Happy Fourth of July! Today is the day we celebrate our independence on the day that the Declaration of Independence was signed, but to me, the Fourth of July also represents a time to reflect on all those men and women who put their lives on the line each day to protect that independence. Thank you to our soldiers and your families. Thank your for your sacrifice, your service, your dedication. As our county employees and volunteers struggle in the 104 degree Central Texas heat to prepare for tonight’s spectacular show, I am grateful that they are the ones sweating their fannies off and not me! But I am also very much aware of the fact that without our soldiers, we would not have the freedom to celebrate—or not celebrate--as we choose.

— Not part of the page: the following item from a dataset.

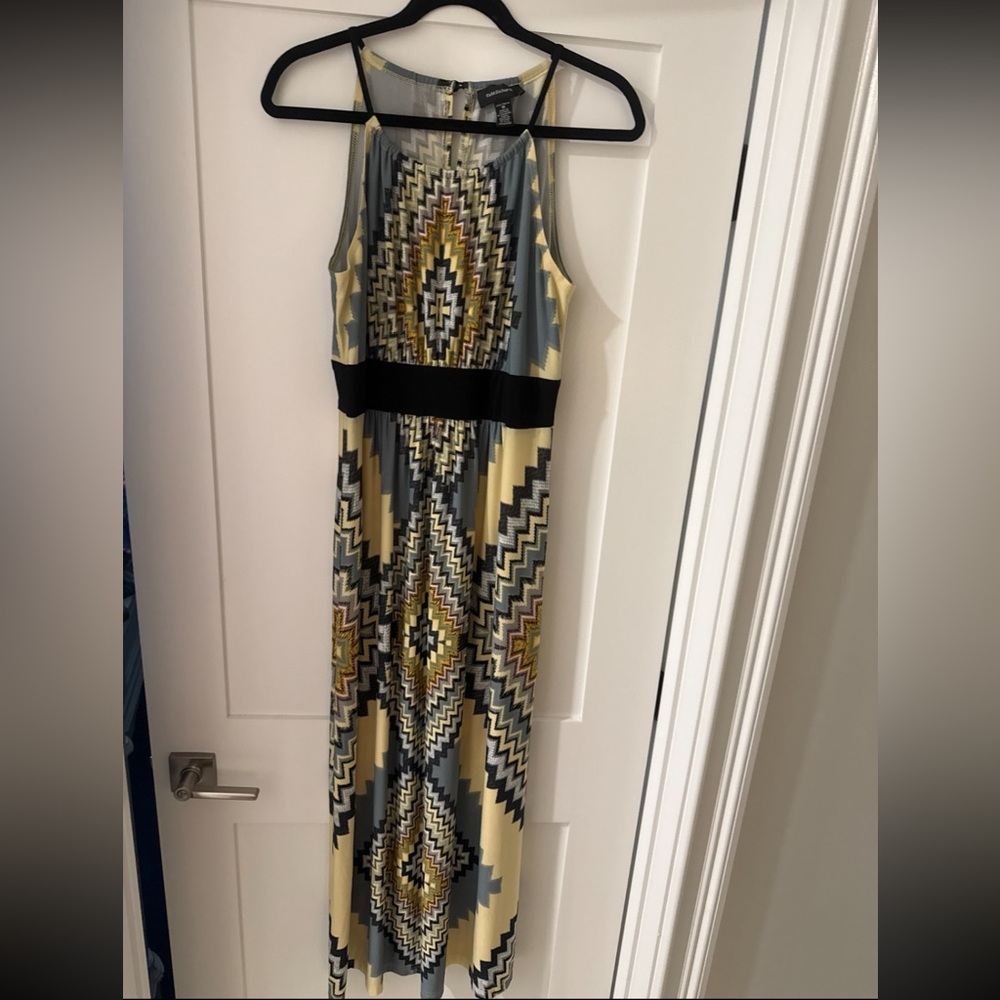 Geometric Patterned Maxi Dress RM Richards maxi halter dress size 10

The Fourth of July fireworks have always been one of my favorite ways to celebrate. I remember a time when I was a child and my parents dragged my bratty little brother and two fighting sisters up the side of the mountain to an isolated camping spot on the fourth of July. We walked at least half an hour at dusk to find “the special rock” a friend of the family had told us about, a place to perch and watch the fireworks display. I grumbled as much as my sisters, wondering how on earth we would possibly be able to see anything shooting off into the night sky when we were surrounded by towering pine trees and disgusting little biting bugs. When we finally reached the rock and situated ourselves, and I took the time to look out over the valley, I realized why my parents had struggled so hard to drag their four children up a mountain in the heat of summer. I could literally see for hundreds of miles. I swear I could see as far as the Wyoming border. I could see Kansas, New Mexico, even Texas—and I was just a tiny little girl on a rock in Colorado! There’s nothing like the American West to warm the heart and soul and remind you of the beauty of our world.

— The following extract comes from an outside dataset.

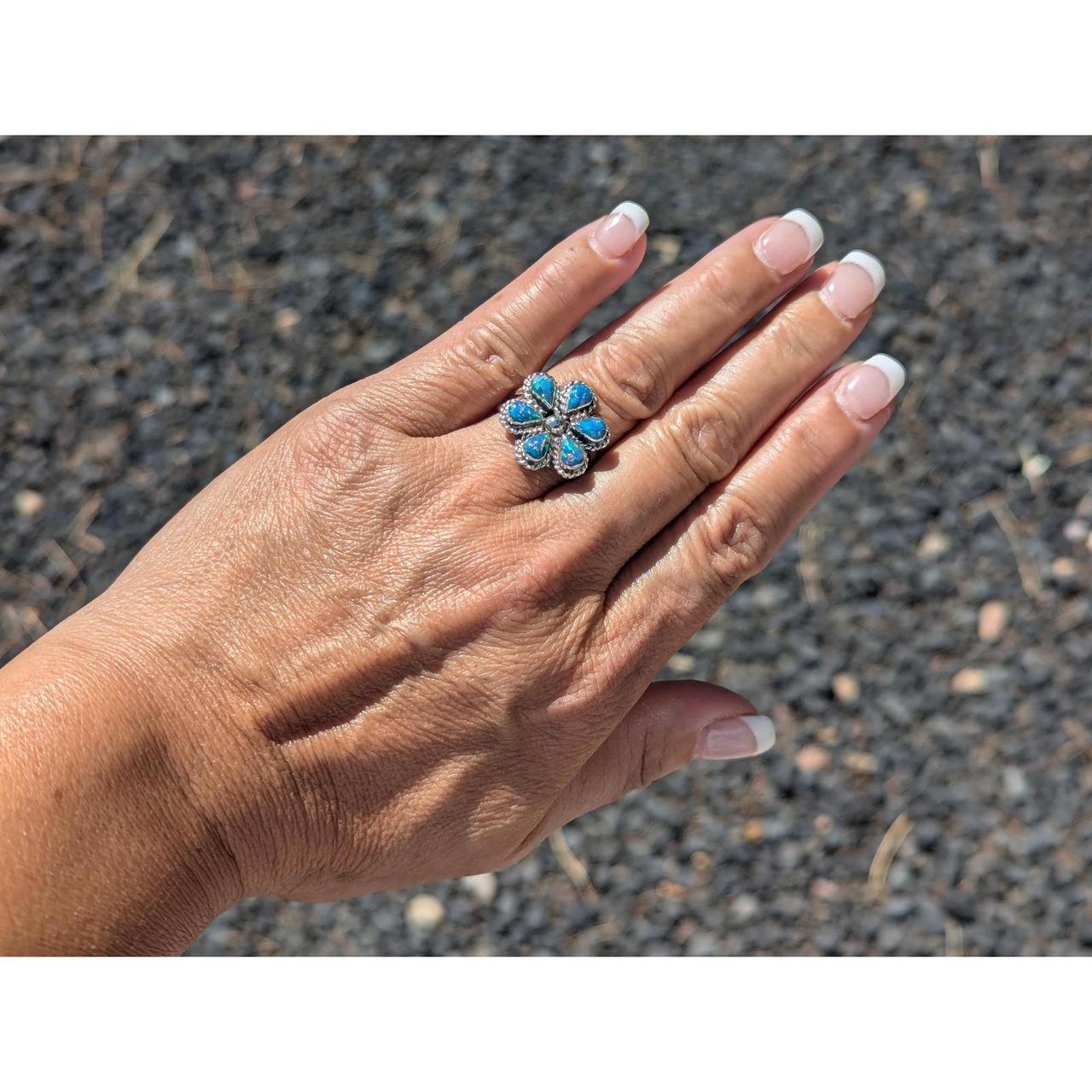 Ring Jacket Women's Ring - Blue/Pink – Handcrafte… - image 3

The fireworks in Denver were truly amazing that year. Moments I will never forget. According to the July 6, 1876 issue of the Rocky Mountain News, Denver, Colorado held its first public celebration that same year. There were speeches and music provided by the Council Bluffs Band at a picnic held in a grove near the mouth of the Cherry Creek River, which is where the City of Denver also got its start so many years ago. Lawrence, Kansas held its first Fourth of July celebration in 1855 with a crowd of 1500. Helena, Montana held its first public Fourth of July celebration in 1865 at Owyece Park with a speech given by George M. Pinney.

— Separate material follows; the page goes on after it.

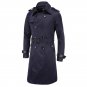 Men Trench Coat Classic Double Breasted Trench Coat Masculino Male Winter Clothing Long Jackets Coat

When I was a child, I remember a few Fourths spent listening to speeches and music, but most of our celebrations involved lots of hot dogs, fresh fruit and lemonade, baseball games with the neighbors and swimming in kiddy pools. The Fourth of July to me is a time to celebrate with family, celebrate the beauty of our country, and celebrate our right to celebrate for any reason we choose. May you all have a happy Fourth of July!